From 64e6098094d063687f90d3bf49bdc7571551c344 Mon Sep 17 00:00:00 2001
From: Stas Bekman <stas00@users.noreply.github.com>
Date: Fri, 25 Jun 2021 14:58:03 -0700
Subject: [PATCH] [trainer] add main_process_first context manager (#12351)

* main_process_first context manager

* handle multi-node, add context description

* sync desc
---
 .../pytorch/translation/run_translation.py    | 51 ++++++++++---------
 src/transformers/training_args.py             | 44 ++++++++++++++++
 2 files changed, 71 insertions(+), 24 deletions(-)

diff --git a/examples/pytorch/translation/run_translation.py b/examples/pytorch/translation/run_translation.py
index 680ab4fd50..b41386f0fe 100755
--- a/examples/pytorch/translation/run_translation.py
+++ b/examples/pytorch/translation/run_translation.py
@@ -428,14 +428,15 @@ def main():
         train_dataset = raw_datasets["train"]

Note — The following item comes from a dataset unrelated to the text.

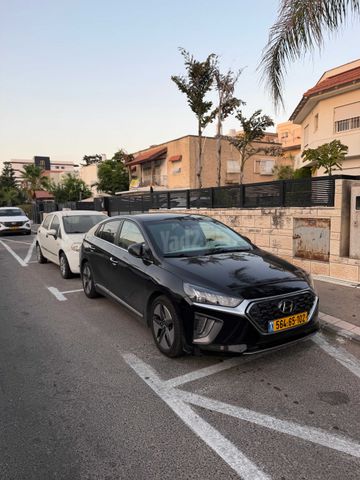 יונדאי איוניק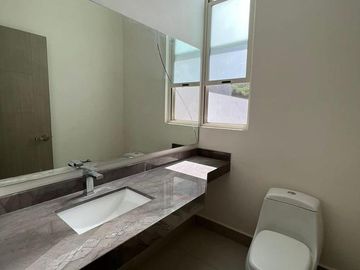 CASA EN VENTA EN LADERAS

         if data_args.max_train_samples is not None:
             train_dataset = train_dataset.select(range(data_args.max_train_samples))

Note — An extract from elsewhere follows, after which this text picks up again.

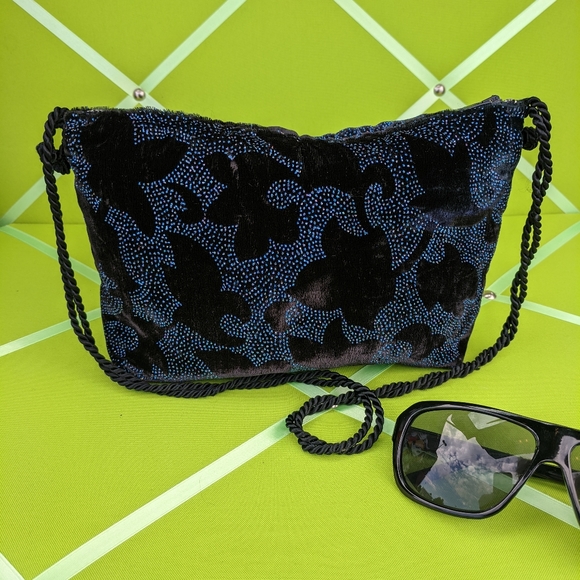 Lise Velvet Embossed Shoulder Bag - Picture 4 of 7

-        train_dataset = train_dataset.map(
-            preprocess_function,
-            batched=True,
-            num_proc=data_args.preprocessing_num_workers,
-            remove_columns=column_names,
-            load_from_cache_file=not data_args.overwrite_cache,
-            desc="Running tokenizer on train dataset",
-        )
+        with training_args.main_process_first(desc="train dataset map pre-processing"):
+            train_dataset = train_dataset.map(
+                preprocess_function,
+                batched=True,
+                num_proc=data_args.preprocessing_num_workers,
+                remove_columns=column_names,
+                load_from_cache_file=not data_args.overwrite_cache,
+                desc="Running tokenizer on train dataset",
+            )
 
     if training_args.do_eval:
         max_target_length = data_args.val_max_target_length
@@ -444,14 +445,15 @@ def main():
         eval_dataset = raw_datasets["validation"]
         if data_args.max_eval_samples is not None:
             eval_dataset = eval_dataset.select(range(data_args.max_eval_samples))

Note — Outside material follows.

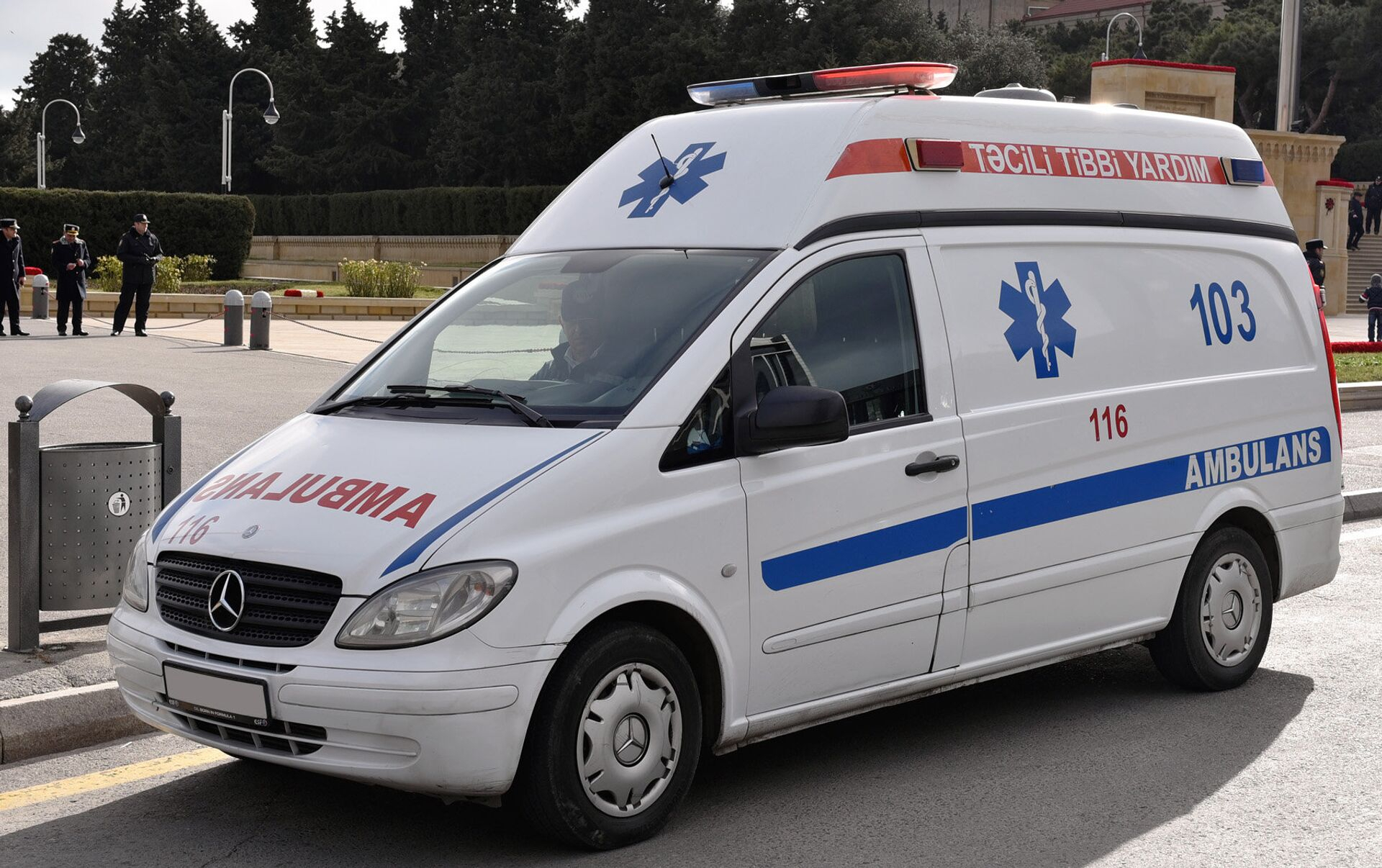 В Азербайджане мужчина нанес травмы сотрудникам скорой помощи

-        eval_dataset = eval_dataset.map(
-            preprocess_function,
-            batched=True,
-            num_proc=data_args.preprocessing_num_workers,
-            remove_columns=column_names,
-            load_from_cache_file=not data_args.overwrite_cache,
-            desc="Running tokenizer on validation dataset",
-        )
+        with training_args.main_process_first(desc="validation dataset map pre-processing"):
+            eval_dataset = eval_dataset.map(
+                preprocess_function,
+                batched=True,
+                num_proc=data_args.preprocessing_num_workers,
+                remove_columns=column_names,
+                load_from_cache_file=not data_args.overwrite_cache,
+                desc="Running tokenizer on validation dataset",
+            )
 
     if training_args.do_predict:
         max_target_length = data_args.val_max_target_length
@@ -460,14 +462,15 @@ def main():
         predict_dataset = raw_datasets["test"]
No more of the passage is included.